Christine Ashburn, spokeswoman for Citizens, said the company wants to make sure it’s not covering homes that are vulnerable to hurricanes because of a weak roof.
Ashburn said the three-year lifespan rule is reasonable, and too many homeowners wait too long to replace their roofs.
“Insurance is not a maintenance program, and it’s important for Citizens to make sure we’re not covering homes with roofs in disrepair,” Ashburn said. “If we have a deficit after a hurricane, everyone in Florida could be assessed to make up for it.”
Ashburn said the company instituted the new roof requirements for some policyholders a year ago, but more homeowners are learning about now, as their policies come up for renewal.
“Tampa may have clusters of older homes, and that may be why more homeowners are complaining about the roof policy now,” Ashburn said.
Citizens is Florida’s insurer of last resort, meaning many of its policyholders couldn’t get coverage through private insurers. So customers can’t shop around.

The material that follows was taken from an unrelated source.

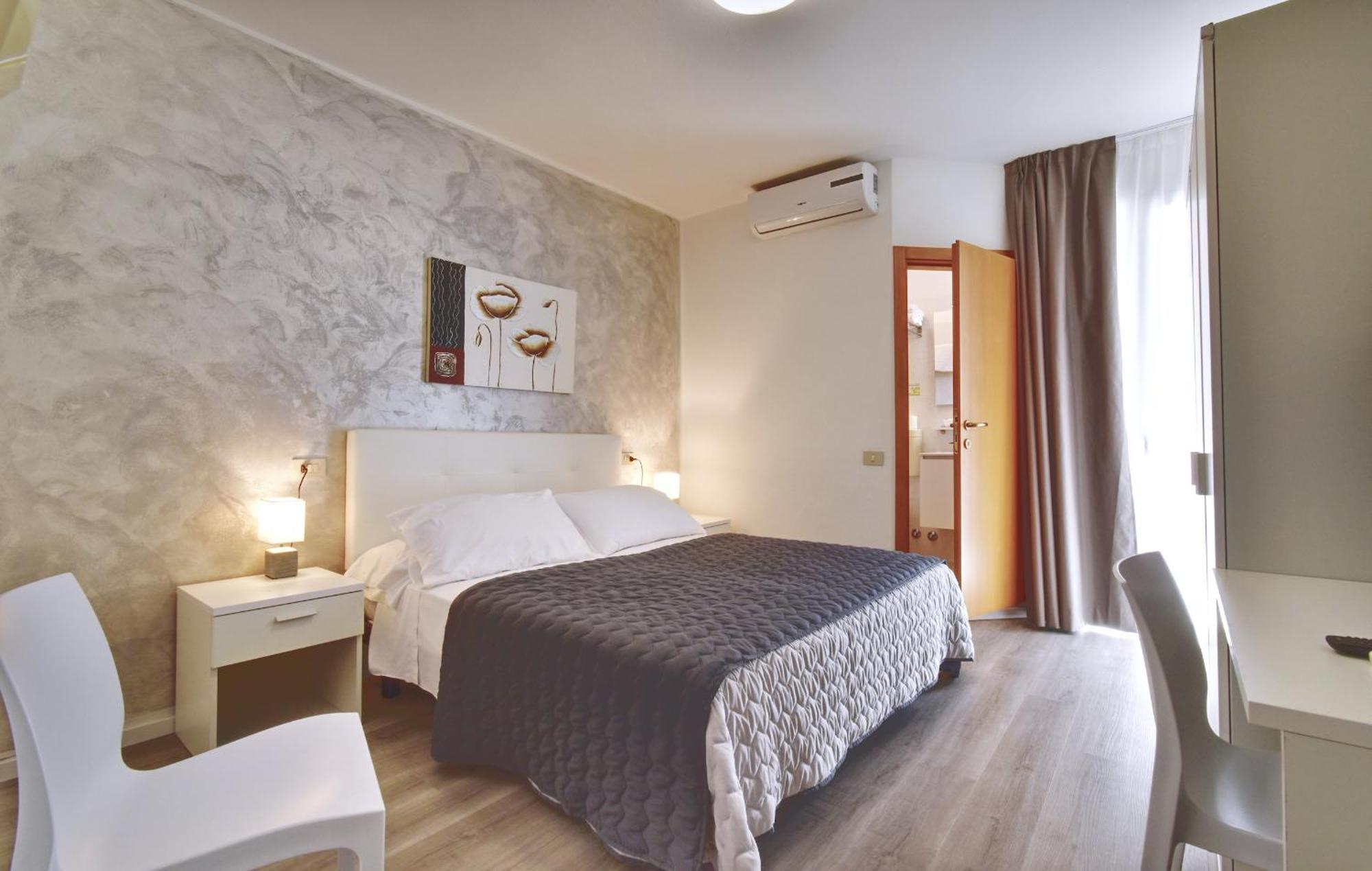 Hotel Augusta 2*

Kirsten Tams-Schleitwiler, of AAA Insurance Agency, in Sun City Center, said she has also had customers say they’ll just go without insurance.
That’s dangerous for anyone, she said, and not really an option for those with a mortgage. Without insurance, a bank will assign insurance to the property, which is typically triple the cost of a regular policy, she said.
Nathan Dutcher, of Point Residential in Tampa, inspects roofs and said his business is up, mostly because of worried Citizens customers. Most shingle roofs are advertised to last 25 years, but few do, he said, because of the Florida heat.
“Homeowners are frustrated,” Dutcher said. “People don’t have too much money for that now, they don’t really think about, “Hey, I’m going to need a new roof this year or next year.’“
Some homeowners, though, know they’ll need a new roof soon but aren’t ready to replace it yet.
That’s what happened to Ted Williams in Tampa. He planned to buy a new roof next spring, after he received his tax return.
“My wife got a letter that explained that in order to renew our insurance, the roof had to be replaced,” Williams said. “With citizens being the lone insurance choice, it’s not fair, but what can I say?”
Williams said his roof was about three years old when he moved in 14 years ago. He knew the roof wasn’t in good shape but was still surprised he couldn’t wait until spring to replace it.
The roof cost him $6,000.
“We have four kids and are trying to buy school clothes and things,” Williams said. “But you can’t go without insurance on your home, not when a hurricane could come.”